There is money on the table that no one’s claiming, money to be recovered in sales of distressed assets, left and right.
Why, exactly, are banks and servicers seemingly not concerned about the bottom line on the HUD-1 settlement statement?
It’s easy to answer. The people responsible for selling these assets (note: not houses or homes, they’re assets or properties, cold, distant, indifferent) are doing a job, punching a clock, checking off a list, meeting quotas.
There is no personal ownership of assets, so it’s hard (read: impossible) to adopt a private seller’s psyche when working at a bank or servicing firm. An asset manager has never seen the house other than pictures sent via email, and he’s relying on agents on the street to give a true-to-life indication of what’s really going on.

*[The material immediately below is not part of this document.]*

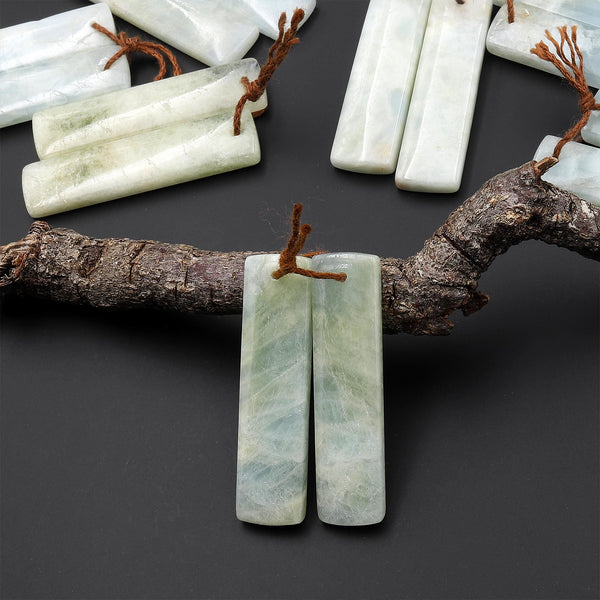Natural Aqua Sea Green Blue Aquamarine Earring Rectangle Pair Drilled Matched Gemstone Beads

These folks have performance targets to hit – how many can they get under contract, how many can they get to closing, and how quickly. It’s a numbers game, and once a price has been determined by the bank, it’s that price and only that price that asset managers are working toward.
There is no incentive to go higher. It’s just a job, remember, one task on a long list.
But here’s the thing. If the asset manager were actually a private seller, he’d want to claim every penny possible in the shortest amount of time. He’d care.
As it stands, asset managers are tasked with disposing of hundreds of properties across the country. No personal attachment. It’s a video game on a screen, not an ownership problem with a living, breathing person behind it.
So what’s the solution?
For one, it’s incredibly important to have asset managers only manage properties in a specific geographic area. Keep it local, keep it known.
Real estate by nature is local – there is no correlation between what happens in Birmingham, Michigan and what happens in Birmingham, Alabama. Same goes for loss mitigators handling short sales.
Some of the banks we work with are finding it beneficial to send negotiators and asset managers into the field: see the neighborhoods, smell the properties, spend quality time with agents they hire. Look at the inventory. A few days in the field more than pays for itself.
Lastly, any asset manager or loss mitigator who has never purchased a home themselves shouldn’t be negotiating a sale. It’s impossible to understand what an owner-occupant buyer is going through, especially in today’s real estate environment. We need experiential compassion to get the market moving again.
Far too many good deals are killed over insignificant items because, without personal attachment to the property or emotional investment in the sale, it’s easy to kick a buyer to the curb and move on to someone else.
This shouldn’t be about collecting a paycheck and which bank’s name appears on the mortgage. Develop a sense of ownership over every asset, and we’ll see some of these unnecessary losses vanish, and more dollars recovered.